Donald Trump named his U.S. Supreme Court pick on Tuesday, the same day that a dozen Democrats refused to show up for a committee vote on two of the president’s Cabinet nominees. The boycott was instructive. If this is the Democratic game plan for a couple of routine executive branch choices, imagine what’s in store for the new president’s high court selection.
That said, Neal Gorsuch is eminently qualified and accomplished. He has been on the federal bench since 2006 following his appointment by George. W. Bush and his unanimous approval by the U.S. Senate. He previously clerked for two U.S. Supreme Court justices.
On matters of the law, the Wall Street Journal described Judge Gorsuch as “outspoken about the need for courts to have a limited role in American life,” adding that he “has criticized what he considers the disproportionate powers taken on by federal agencies.”

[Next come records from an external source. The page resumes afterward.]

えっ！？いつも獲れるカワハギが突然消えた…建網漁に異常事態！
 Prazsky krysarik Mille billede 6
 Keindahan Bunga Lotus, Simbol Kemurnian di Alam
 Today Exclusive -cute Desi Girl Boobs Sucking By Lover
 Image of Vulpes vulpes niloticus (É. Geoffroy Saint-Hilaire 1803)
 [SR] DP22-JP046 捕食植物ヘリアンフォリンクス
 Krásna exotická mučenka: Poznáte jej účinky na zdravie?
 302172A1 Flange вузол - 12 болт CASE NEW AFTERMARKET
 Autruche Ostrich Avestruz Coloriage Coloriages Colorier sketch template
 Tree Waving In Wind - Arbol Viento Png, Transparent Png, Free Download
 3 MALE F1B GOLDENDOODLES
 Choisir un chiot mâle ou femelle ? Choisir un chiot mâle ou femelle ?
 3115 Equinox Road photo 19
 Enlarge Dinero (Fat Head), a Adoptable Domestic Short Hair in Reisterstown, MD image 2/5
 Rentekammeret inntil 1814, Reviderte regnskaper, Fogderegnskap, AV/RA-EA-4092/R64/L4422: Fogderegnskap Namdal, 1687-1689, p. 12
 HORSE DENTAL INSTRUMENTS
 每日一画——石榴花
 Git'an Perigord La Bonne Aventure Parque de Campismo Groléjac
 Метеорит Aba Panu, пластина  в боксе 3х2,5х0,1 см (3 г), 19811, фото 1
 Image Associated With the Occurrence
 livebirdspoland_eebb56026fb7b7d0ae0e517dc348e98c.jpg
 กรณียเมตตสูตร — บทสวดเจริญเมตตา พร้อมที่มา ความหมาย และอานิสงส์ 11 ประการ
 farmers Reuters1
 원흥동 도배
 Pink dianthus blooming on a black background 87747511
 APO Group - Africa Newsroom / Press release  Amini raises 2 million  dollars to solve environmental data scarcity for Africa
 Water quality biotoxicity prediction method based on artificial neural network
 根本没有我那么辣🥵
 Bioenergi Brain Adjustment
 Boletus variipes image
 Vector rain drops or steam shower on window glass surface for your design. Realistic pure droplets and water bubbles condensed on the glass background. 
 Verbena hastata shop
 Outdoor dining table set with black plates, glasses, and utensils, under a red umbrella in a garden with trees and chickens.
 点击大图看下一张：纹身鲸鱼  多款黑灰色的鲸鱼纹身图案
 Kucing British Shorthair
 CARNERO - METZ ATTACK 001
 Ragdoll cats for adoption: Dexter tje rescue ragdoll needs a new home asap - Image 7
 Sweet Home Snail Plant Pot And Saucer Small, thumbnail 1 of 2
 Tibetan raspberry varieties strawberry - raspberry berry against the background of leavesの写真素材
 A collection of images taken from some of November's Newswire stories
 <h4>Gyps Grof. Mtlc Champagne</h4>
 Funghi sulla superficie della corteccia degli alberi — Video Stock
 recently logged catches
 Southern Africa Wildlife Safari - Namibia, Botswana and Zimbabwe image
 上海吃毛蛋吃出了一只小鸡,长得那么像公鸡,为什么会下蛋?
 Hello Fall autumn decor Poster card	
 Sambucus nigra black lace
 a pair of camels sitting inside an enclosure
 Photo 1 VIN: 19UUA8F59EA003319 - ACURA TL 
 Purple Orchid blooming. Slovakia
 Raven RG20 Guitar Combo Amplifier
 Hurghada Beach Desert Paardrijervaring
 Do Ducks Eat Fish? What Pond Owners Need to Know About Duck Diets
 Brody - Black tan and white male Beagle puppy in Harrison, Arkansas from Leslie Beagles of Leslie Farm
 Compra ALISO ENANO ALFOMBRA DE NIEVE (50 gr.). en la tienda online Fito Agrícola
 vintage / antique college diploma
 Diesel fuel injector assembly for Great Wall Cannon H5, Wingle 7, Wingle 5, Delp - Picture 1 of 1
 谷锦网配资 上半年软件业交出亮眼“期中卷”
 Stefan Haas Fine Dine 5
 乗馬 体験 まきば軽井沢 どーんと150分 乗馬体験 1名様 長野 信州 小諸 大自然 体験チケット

A Wednesday op-ed in the same paper noted a decision in which he opined that the Constitution “isn’t some inkblot on which litigants may project their hopes and dreams for a new and perfected tort law, but a carefully drafted text judges are charged with applying according to its original public meaning.”
Sounds like Mr. Trump hit a home run. The Associated Press reported that even liberal Georgetown law professor Jonathan Turley called Judge Gorsuch “unassailable in his experience, intellect and demeanor.”
None of this means anything, of course, in the blood sport that has become judicial politics. Democrats are girding for revenge after the GOP last year refused to consider Barack Obama’s pick to fill the same vacancy, created when Justice Antonin Scalia died last January. Expect the escalation of destructive partisan gamesmanship — tactics both sides have perfected at the expense of compromise and collegiality — to continue.
If Senate Majority Leader Mitch McConnell, R-Ky., invokes the “nuclear option” to avoid a filibuster of the Gorsuch nomination, Democrats will have nobody to blame but their former leader Harry Reid. Yet such a move — sure to be discouraged by some GOP senators — would be short-sighted and only exacerbate the partisan divide to the detriment of the upper house and the nation.
Let’s remember that the Senate electoral map leans heavily toward Republicans next year. Democrats must defend 25 of the 33 seats in play — and 10 of those incumbents hail from states that Mr. Trump carried in the 2016 election, including GOP strongholds such as Missouri, North Dakota, Montana, Indiana and West Virginia. Whether Judge Gorsuch is eventually confirmed to sit on the U.S. Supreme Court could depend on how many of those vulnerable senators are willing to walk the plank for the party leadership.